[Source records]

+ + + +

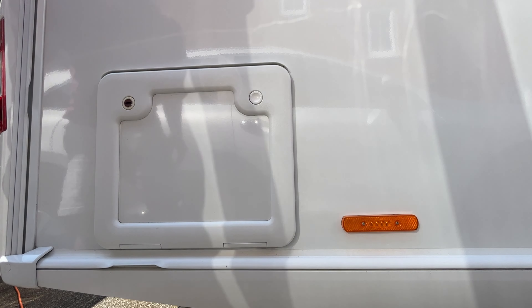All that remains is to place this back in the caravan and give it one last check. I'll be very surprised if this is a common fault, but if it happened to us then it can happen to you. I hope this makes you more prepared should you experience anything similar.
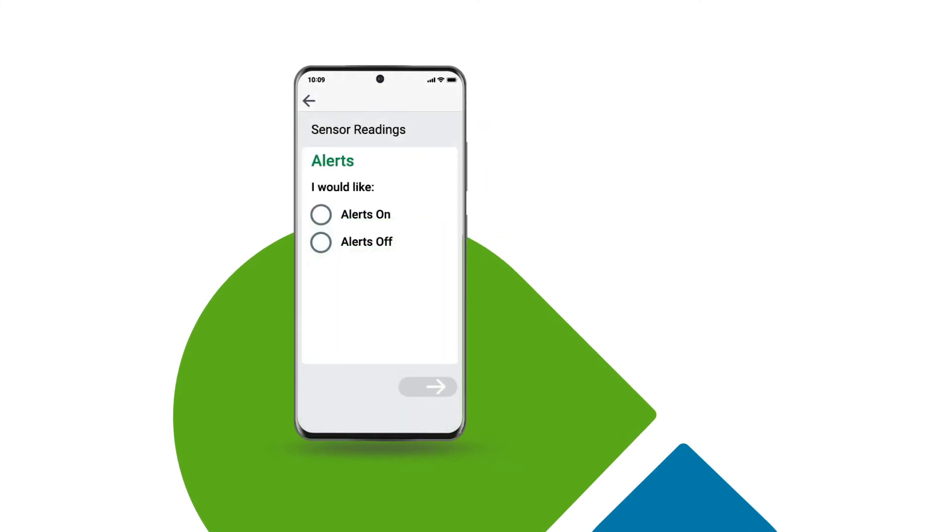Dexcom One offers alerts that let you know when your glucose has gone too high or low. You will come to a screen where you can turn these alerts on or off. Let's turn the alerts on — you always have the option to turn them off later.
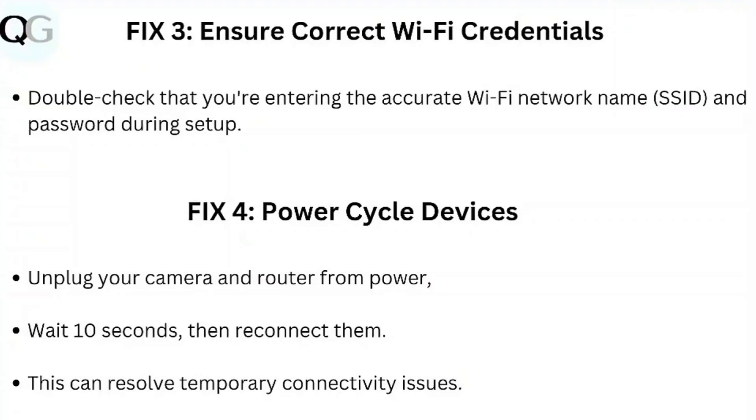Step 3: Ensure correct Wi-Fi credentials. Double-check that you're entering the accurate Wi-Fi network name and password during setup. Step 4: Power cycle devices. Unplug your camera and router from power, wait 10 seconds, then reconnect them. This can resolve temporary connectivity issues.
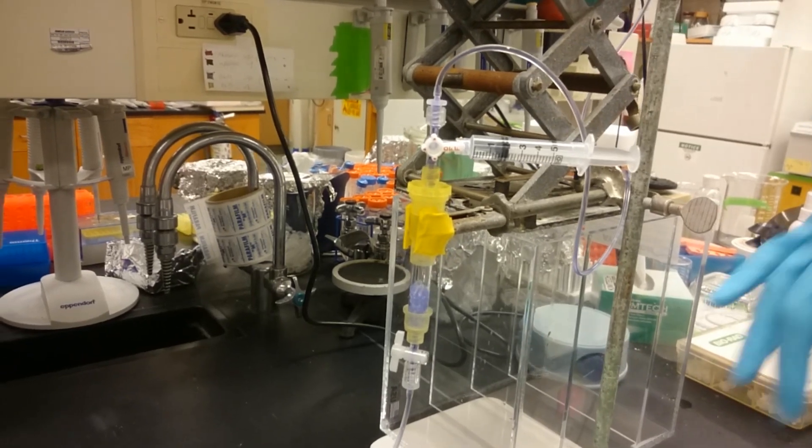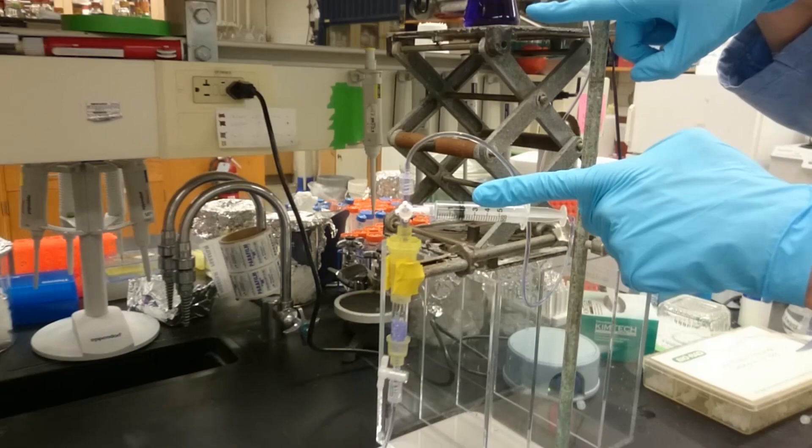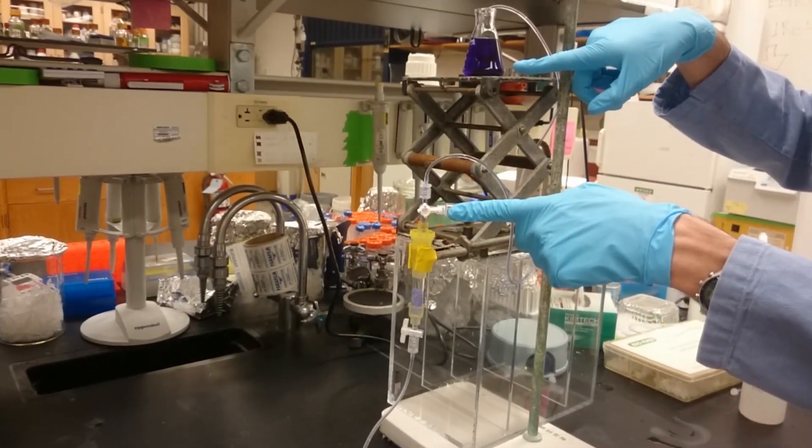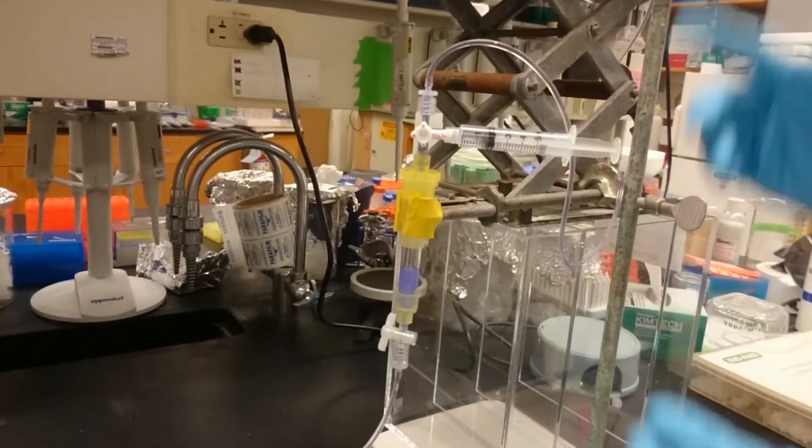The rate at which this is dripping is proportional to the vertical elevation change between the top of the column and the solvent reservoir. You can see that if I close the stopcock at the bottom, it stops running.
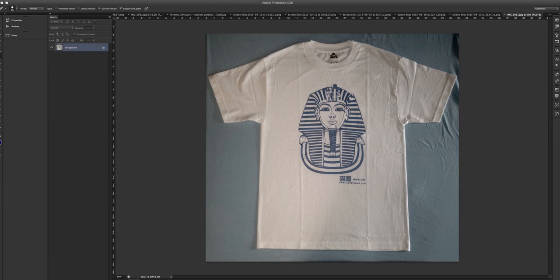What I want to do is simply take off some of these wrinkles and also adjust the color and the tone of the t-shirt.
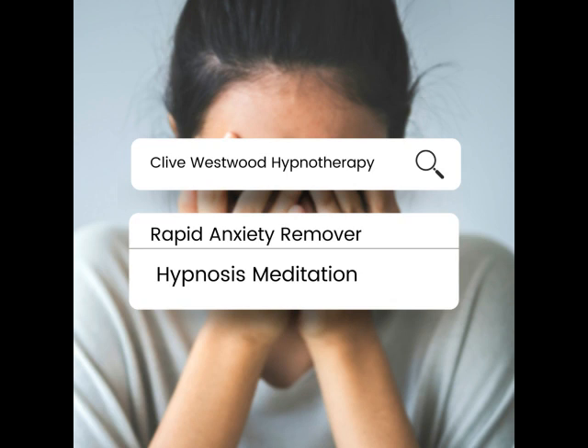As you allow your eyes to close and relax, take a deep breath, hold it and exhale. Take another deep breath, as deep as you can, hold it and exhale. And now take a third deep breath, hold it and exhale, and relax.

+ + + +

Transcribe only the lines above that start at the line containing "Dexcom One offers" and end at the line containing "Step 3: Ensure". Omit pictures.

Dexcom One offers alerts that let you know when your glucose has gone too high or low. You will come to a screen where you can turn these alerts on or off. Let's turn the alerts on — you always have the option to turn them off later.
Step 3: Ensure correct Wi-Fi credentials. Double-check that you're entering the accurate Wi-Fi network name and password during setup. Step 4: Power cycle devices. Unplug your camera and router from power, wait 10 seconds, then reconnect them. This can resolve temporary connectivity issues.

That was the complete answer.